Eh. I’m mostly a power user, all day at work in terminals and keyboard shortcut galore.
It doesn’t prevent me from laying back and running a “filthy casual” kubuntu with little to no setup at all. At one point you reach the state where you just want to use your computer, not tinker with it all the time.
I am not able to comprehend what you mean. I love tinkering, ricing and starting all over again if something is permanently fucked.
This is not a joke.
This is why Arch never stuck for me. I work with Linux all day. I don’t want to spend my free time fixing my own shit because a update broke the bootloader.
Eh. I’m mostly a power user, all day at work in terminals and keyboard shortcut galore.
It doesn’t prevent me from laying back and running a “filthy casual” kubuntu with little to no setup at all. At one point you reach the state where you just want to use your computer, not tinker with it all the time.
And Alexander wept, seeing as he had no more computers to set up and tinker
-Alexander (probably)
I am not able to comprehend what you mean. I love tinkering, ricing and starting all over again if something is permanently fucked. This is not a joke.

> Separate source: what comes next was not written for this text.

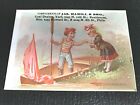 1800's Young Red-Capped Boy Invites Lass for RowBoat Ride Victorian Trade Card 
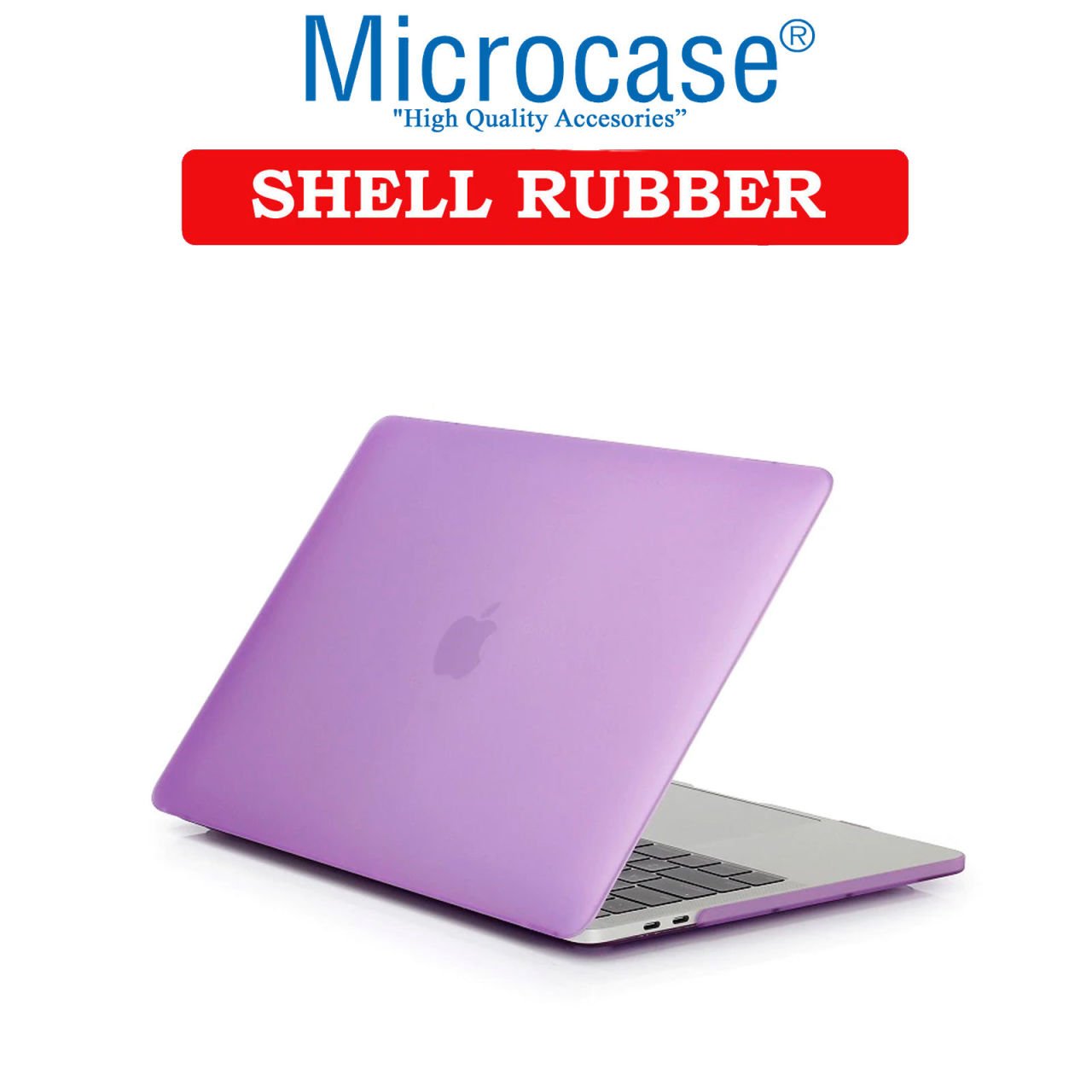 Microcase Macbook Air 13.3 A1466 - A1369 Shell Rubber Kapak Kılıf - Lila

I respect your approach, though , ofc.
This is why Arch never stuck for me. I work with Linux all day. I don’t want to spend my free time fixing my own shit because a update broke the bootloader.
Ubuntu Server baby. That shit is absolutely rock solid, I’ve literally never had an update break stuff in the decade+ I’ve been managing it.
This is ultimately why I switched from Arch… Now I’ve just got an Arch distrobox and if it breaks, no big deal.